Quello che traspare dall'ultimo film di Virzì è un senso di preoccupazione rivolto al mondo dei giovani e al loro futuro. E la sensazione che regala per certi temi affrontati è quella presenza di un "ovosodo" in gola, che non va né giù né su, ma che toglie il fiato.
La storia, narrata dalla voce di Laura Morante, è quella di Marta (Isabella Ragonese): laurea da 110 e lode in filosofia teoretica e tutta la vita nelle sue mani una volta discussa la tesi. Una vita davvero difficile, perché l'unico lavoro che riesce a trovare è la telefonista in un call center e la baby sitter, mentre tutti i suoi ex compagni di università, che l'università tra l'altro non l'hanno neanche finita, hanno un posto di tutto rispetto all'interno di case editrici e televisioni.
Un'ingiustizia. A cui non riesce a porre rimedio neanche il sindacalista Giorgio Conforti (Valerio Mastandrea), stralunato, forse troppo idealista, diciamo poco pratico, ma l'impegno è ammirevole. Insomma, Marta decide di gettarsi nell'avventura del call center, con la speranza che qualcosa di buono possa arrivare anche da lì. Il posto di lavoro è la brutta copia di un villaggio vacanze: sigla del buongiorno, coretti motivazionali, premi e obiettivi da raggiungere. Nessuna umanità. A farla da padrona è la responsabile (Sabrina Ferilli) e il direttore (Massimo Ghini), approfittatori della fame di indipendenza di quei giovani che investono in quel posto anche tante speranze (come il precario Lucio 2 interpretato da Elio Germano).
Nel film di Virzì ci sono tutti gli elementi fondamentali che caratterizzano la società odierna: il precariato, che si nasconde dietro il falso nome di Co.co.co.; la società che non aiuta i giovani, ma che spesso se ne approfitta; l'università che lancia allo sbaraglio i laureati; il Grande Fratello, spazzatura della televisione, ma status symbol per acquistare un senso di appartenenza nei discorsi di tutti i giorni; e infine i giovani, dotati di buona volontà, con tanti sogni e pochi mezzi.
Un po' grottesco, un po' favola nera, un po' denuncia, un po' commedia: il film fa sorridere, ma a denti stretti.
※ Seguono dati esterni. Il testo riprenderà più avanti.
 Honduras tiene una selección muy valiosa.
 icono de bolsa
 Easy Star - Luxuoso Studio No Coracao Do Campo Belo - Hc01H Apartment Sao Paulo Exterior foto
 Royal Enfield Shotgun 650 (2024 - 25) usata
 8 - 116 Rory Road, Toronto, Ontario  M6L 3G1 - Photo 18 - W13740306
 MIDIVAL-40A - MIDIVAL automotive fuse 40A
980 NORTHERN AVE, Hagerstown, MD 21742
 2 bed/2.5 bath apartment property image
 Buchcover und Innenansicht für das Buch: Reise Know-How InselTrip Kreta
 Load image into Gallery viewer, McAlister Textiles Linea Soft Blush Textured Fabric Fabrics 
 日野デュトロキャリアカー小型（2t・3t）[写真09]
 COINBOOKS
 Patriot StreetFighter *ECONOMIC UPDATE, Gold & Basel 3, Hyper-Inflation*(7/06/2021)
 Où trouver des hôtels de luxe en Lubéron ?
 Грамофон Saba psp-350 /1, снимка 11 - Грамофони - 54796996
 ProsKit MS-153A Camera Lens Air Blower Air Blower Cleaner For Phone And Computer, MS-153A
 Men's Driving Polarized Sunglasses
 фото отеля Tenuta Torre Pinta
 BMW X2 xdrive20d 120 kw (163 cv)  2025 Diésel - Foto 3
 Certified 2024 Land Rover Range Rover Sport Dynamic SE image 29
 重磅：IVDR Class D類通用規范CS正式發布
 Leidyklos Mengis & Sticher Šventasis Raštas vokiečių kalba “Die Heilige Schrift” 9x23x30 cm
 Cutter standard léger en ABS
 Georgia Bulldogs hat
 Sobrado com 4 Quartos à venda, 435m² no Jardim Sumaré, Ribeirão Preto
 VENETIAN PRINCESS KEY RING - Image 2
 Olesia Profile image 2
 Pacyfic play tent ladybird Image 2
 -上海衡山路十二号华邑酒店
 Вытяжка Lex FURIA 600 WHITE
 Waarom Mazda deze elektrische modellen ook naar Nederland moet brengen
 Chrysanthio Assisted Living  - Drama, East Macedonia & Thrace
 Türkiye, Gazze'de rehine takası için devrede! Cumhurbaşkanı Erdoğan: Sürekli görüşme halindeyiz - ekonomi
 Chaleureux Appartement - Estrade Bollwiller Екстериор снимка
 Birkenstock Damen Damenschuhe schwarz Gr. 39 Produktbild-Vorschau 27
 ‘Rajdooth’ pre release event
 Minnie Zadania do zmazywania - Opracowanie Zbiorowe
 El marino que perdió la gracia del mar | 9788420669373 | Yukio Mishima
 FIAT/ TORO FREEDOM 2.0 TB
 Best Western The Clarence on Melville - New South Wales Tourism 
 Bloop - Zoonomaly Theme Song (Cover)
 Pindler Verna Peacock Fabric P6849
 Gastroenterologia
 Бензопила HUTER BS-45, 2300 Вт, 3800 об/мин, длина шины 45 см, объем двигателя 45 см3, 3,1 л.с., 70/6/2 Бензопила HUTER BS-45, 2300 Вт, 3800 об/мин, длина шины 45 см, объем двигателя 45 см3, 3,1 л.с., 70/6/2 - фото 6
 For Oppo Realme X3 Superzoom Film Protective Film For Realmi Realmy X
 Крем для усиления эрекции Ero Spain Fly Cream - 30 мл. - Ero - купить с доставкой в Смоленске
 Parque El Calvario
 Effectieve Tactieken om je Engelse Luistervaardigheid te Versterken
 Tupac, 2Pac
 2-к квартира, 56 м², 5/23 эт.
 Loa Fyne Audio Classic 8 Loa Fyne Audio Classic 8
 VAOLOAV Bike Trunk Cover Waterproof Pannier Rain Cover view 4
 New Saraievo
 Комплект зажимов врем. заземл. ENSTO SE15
Dipinge, anche portandolo all'eccesso, un mondo spietato, popolato da una classe accademica vecchia e decrepita (una simbolica accusa a un sistema scolastico vecchio, ma anche ai docenti nelle università, ormai alla fine dei loro giorni, che non lasciano le cattedre e non danno posti di lavoro ai giovani) e dalle mille difficoltà che regala il precariato. Sembra proprio che per i giovani non ci sia posto nella nostra società.
Non aspettatevi lieti fine o risposte alle domande. Virzì non ne propone. Forse perché ognuno la propria strada la deve trovare da solo. O forse perché è proprio meglio non pensarci e affogare i dispiaceri nella prossima puntata del Grande Fratello.